Recorded information Block Start
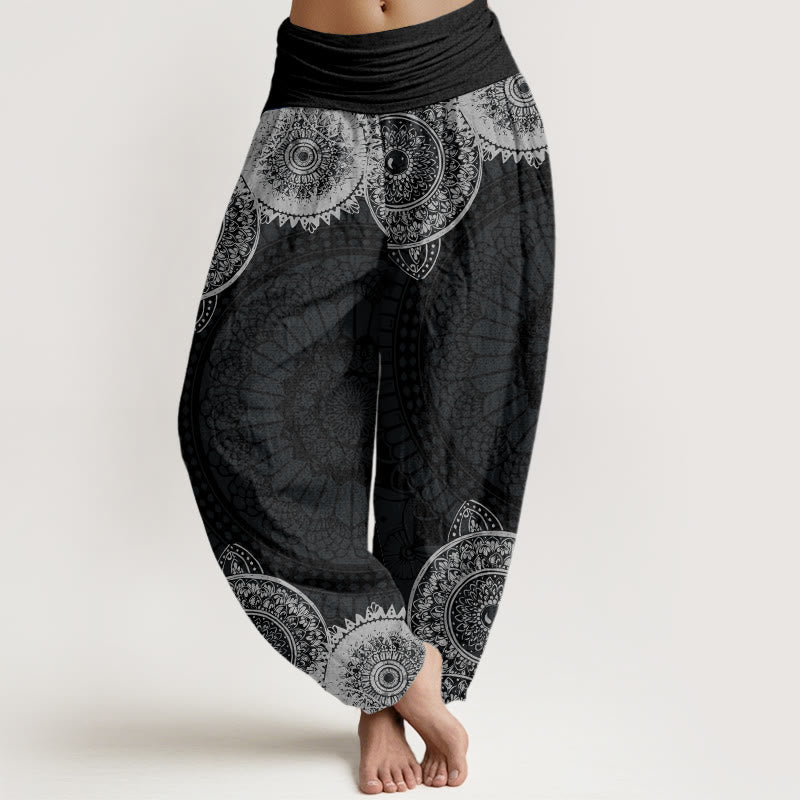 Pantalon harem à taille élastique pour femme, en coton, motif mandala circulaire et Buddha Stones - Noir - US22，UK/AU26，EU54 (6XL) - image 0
Recorded information Block End
Recorded information Block Start
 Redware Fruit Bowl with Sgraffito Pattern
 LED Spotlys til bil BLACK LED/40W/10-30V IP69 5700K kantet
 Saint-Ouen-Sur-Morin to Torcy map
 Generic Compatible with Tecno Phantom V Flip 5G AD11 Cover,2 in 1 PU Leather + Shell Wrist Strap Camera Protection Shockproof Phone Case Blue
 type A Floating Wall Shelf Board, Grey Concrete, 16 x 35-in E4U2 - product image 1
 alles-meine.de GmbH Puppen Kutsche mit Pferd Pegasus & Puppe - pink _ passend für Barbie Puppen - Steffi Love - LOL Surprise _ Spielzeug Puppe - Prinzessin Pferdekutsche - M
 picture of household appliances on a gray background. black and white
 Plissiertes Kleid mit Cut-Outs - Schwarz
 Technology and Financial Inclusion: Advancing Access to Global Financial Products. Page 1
Recorded information Block End
# [Exercise details]
What lines above contain the word "with"? Please copy each one.

# [Your solution]
 Redware Fruit Bowl with Sgraffito Pattern
 Generic Compatible with Tecno Phantom V Flip 5G AD11 Cover,2 in 1 PU Leather + Shell Wrist Strap Camera Protection Shockproof Phone Case Blue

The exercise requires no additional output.